Similarly, Allianz Life Insurance found that people were more concerned about their waistlines than their wallets - their description, not mine. Only 30 percent of respondents in Allianz's survey chose financial fitness as a top goal for 2015.

Both companies surmise that Americans are more confident about their financial situations and thus aren't feeling the pressure to focus on finances. The economy is healthier. Interest rates are still super-low. The percentage of people saying now is a good time to find a quality job jumped to 36 percent in December, a long way up from the 8 percent level of confidence that Americans had in the job market in November 2011, according to Gallup. And the stock market has been roaring, boosting investment portfolios and in many cases erasing the losses of the Great Recession.

Certainly one's health is important - I know I'm promising myself to get more sleep and exercise - but your financial well-being is equally vital.

But we can't forget the past. The recession and its trials and tribulations should be a constant reminder of how low things can go. Don't get cocky by letting your confidence lead you right back to mistakes that left you more vulnerable than you should have been.

One exercise that can humble you is to take a key financial assessment. After you do this checkup, you'll know what, if anything, you'll need to do to improve your financial situation.

So, when was the last time you calculated your net worth?

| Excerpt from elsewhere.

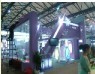 2011醫(yī)藥展會設計公司，上海醫(yī)療器械展覽會制作，展會裝修公司
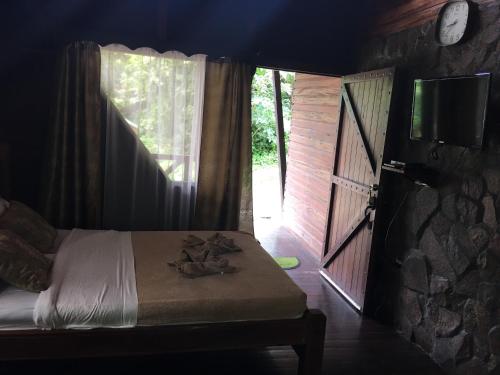 Las Hornillas in La Fortuna, Costa Rica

It is different from your income. There are a lot of pretenders, people who appear rich but are really paupers because they have a negative net worth. Net worth is the difference between your total assets and liabilities or, simply put, what you owe minus what you own. The more you own, the larger your net worth.

Bankrate.com has an online net-worth calculator that's nicely organized and does the math for you. I like a lot of things about the calculator. It explains the various items that go on the assets-and-liabilities side of your net-worth statement. It can estimate how much your assets might change in value over 10 years by allowing you to select an average annual rate of increase - or decrease, if you know you'll be taking on some debt in the near future.

You'll have to estimate the value of household assets. For your major assets, such as your automobiles and home, you'll have to find out the current market value. For your home, try Zillow.com or Realtor.com. For your car, a number of online resources - Consumer Reports, Edmunds, Kelley Blue Book, AutoTrader and CarGurus - can help determine how much you could get for your vehicle.

Once you've calculated your net worth, you have a starting point to see how you're doing.